Мои похитители совсем обезумели. Они уже давно ничего не просили, они просто рвали на мне одежду…
Спасала зима. Под толстым драповым пальто, с которого уже отлетели пуговицы, было еще много теплой одежки. Парни, предчувствуя скорое удовлетворение своих низменных потребностей, с особым рвением продолжали срывать с меня одежду. А я, с не менее особым рвением продолжала сопротивляться. И орать, орать, что есть силы. Но страха не было. Я твердо знала, что ничего не произойдет. Откуда – не знаю. Но знала.

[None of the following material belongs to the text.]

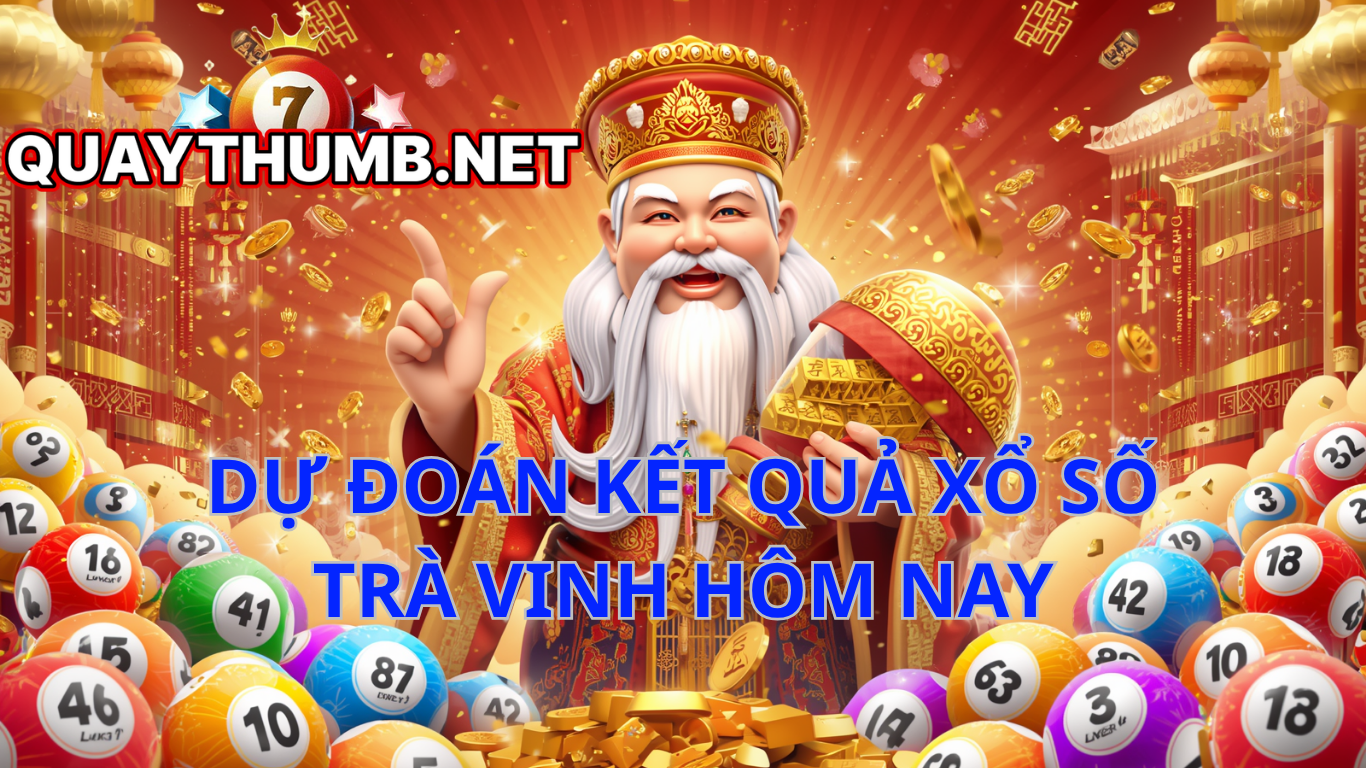dự đo&aacute;n xổ số tr&agrave; vinh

Сегодня я знаю откуда.. Ведь я почти ведьма, или провидица, или еще что-то.. Я часто уже потом, многое предвидела, чем сильно удивляла своих родных и знакомых.
Да, и тогда я знала, что ничего не случится. Спасение в лице сторожа пришло вовремя. А из больницы уже давно позвонили в милицию. И почти в одно время к нам подбежали и сторож и милиционеры. Они с трудом оттащили моих насильников, скрутили, одели наручники и втолкнули в милицейскую машину. Меня осторожно посадили в другую милицейскую машину и отвезли к дедушке с бабушкой. Побитая, в разорванной одежде я вошла в дом.. Мы молчали. Тихо крадучись тетя Рема проводила меня в комнату и уложила в постель. К счастью, дедушка и бабушка уже спали. Милиционер о чем-то тихо стал беседовать с тетей Ремой. Потом так же тихо ушел. На завтра тете Реме сообщили, что это были давно разыскиваемые милицией типы. Их посадят и без учета моей истории. Жалобу тетя Рема решила не писать, чтобы история эта не открылась для дедушки и бабушки, а главное для моих родителей. Зачем их расстраивать, если все закончилось хорошо. Я с тетей Ремой была полностью солидарна.

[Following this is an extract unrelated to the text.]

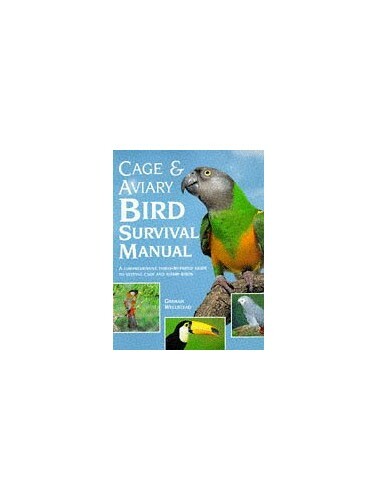 Cage and Aviary Bird Survival Guide by Graham Wellstead Hardback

В городе Речица по традиции ставни закрывают на ночь до сих пор.
Дядя Боря - пожизненный труженик. Ему тоже далеко за 80, ведь он и тетя Рема – двойняшки. А он все работает и работает на небольшом частном заводике и колдует над металлом. Он умеет делать все. На работе и дома. Купил и обустроил себе новую квартиру в красивом приморском городе Ашкелон, обожает своих детей и внучек и помогает им как может. Когда у него появилась первая дочь, я «сошла с трона» и он стал называть Королевой ее, а потом перенес это звание на младшую. Так что, наша Королевская женская династия в интерпретации дяди Бори продолжалась. Кого сегодня он называет так – не знаю. Наверно внучек.

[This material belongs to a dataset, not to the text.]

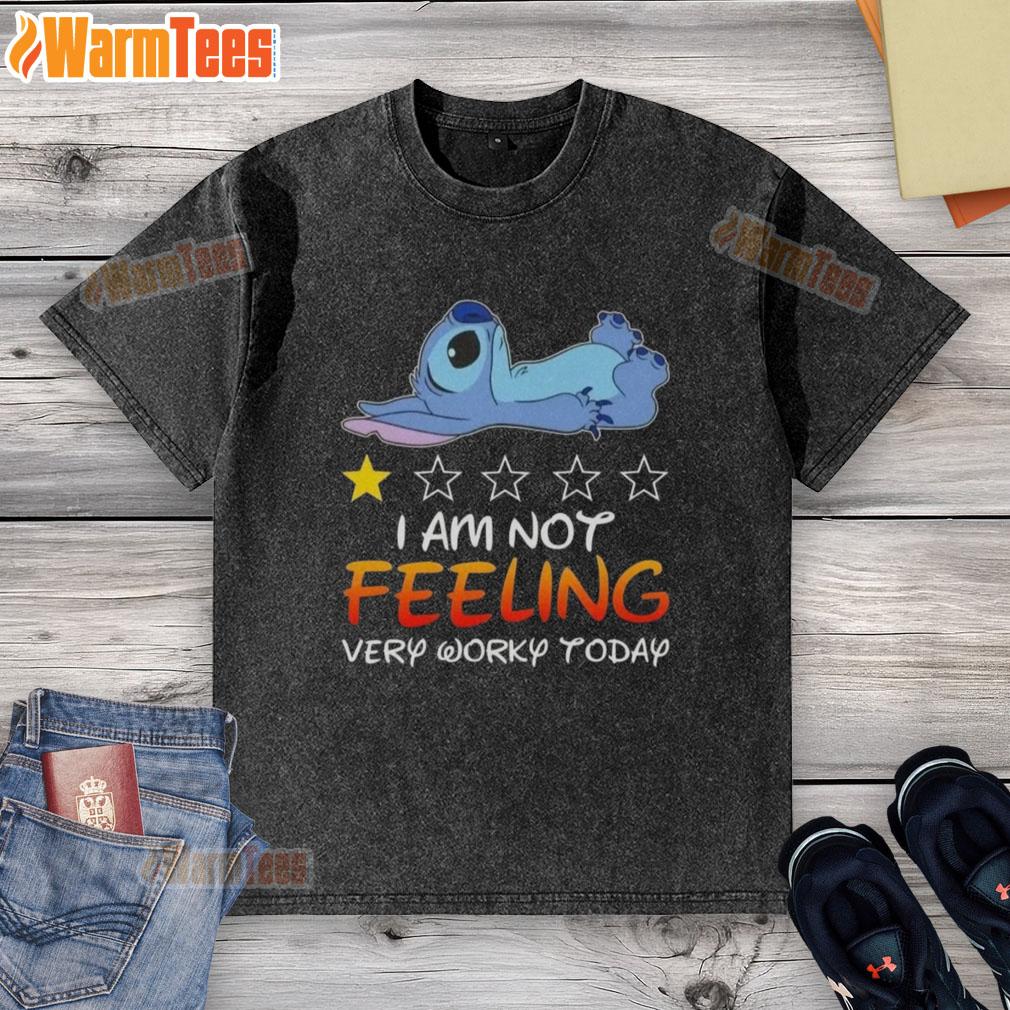 Good Stitch I Am Not Feeling Very Worky Today T-Shirt - Image 6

И все бы было хорошо в семье Атов (Атт - дедушкина фамилия, перешедшая к его детям) .. Вот только жаль, что Борис Атт очень неравнодушен к женскому полу и поэтому в какой-то момент перестал замечать свою жену. До такой степени перестал замечать, что она однажды терпеливо приняв свою долю, ушла жить к своей дочери. А еще жаль, что поссорился с моим братом, которого тоже зовут Боря и который сразу по приезду дяди в Израиль устроил его на работу. Устроил на тот же завод, где работал сам. Устроил, как говорится «на свою голову». Не зря говорят, что «Благими намерениями вымощена дорога в ад». Характер у дяди Бори не простой и однажды, обидевшись, что не он, а его племянник как бы старший по должности, он превратил жизнь моего брата и своего племянника в этот самый ад. Какие там должности! В то время на всех предприятиях такого типа были две должности: работающий израильтянин и оле хадаш. Израильтяне работали обычный рабочий день и получали по 15 шеклей в час, олим хадашим работали не нормированный рабочий день и получали 5 шекелей в час. Но Боря, который мой брат, приехал намного раньше дяди Бори, и уже был признан хозяином и получал от него распоряжения, которые передавал всем остальным олим хадашим. Пережить это дядя Боря разумеется, не мог.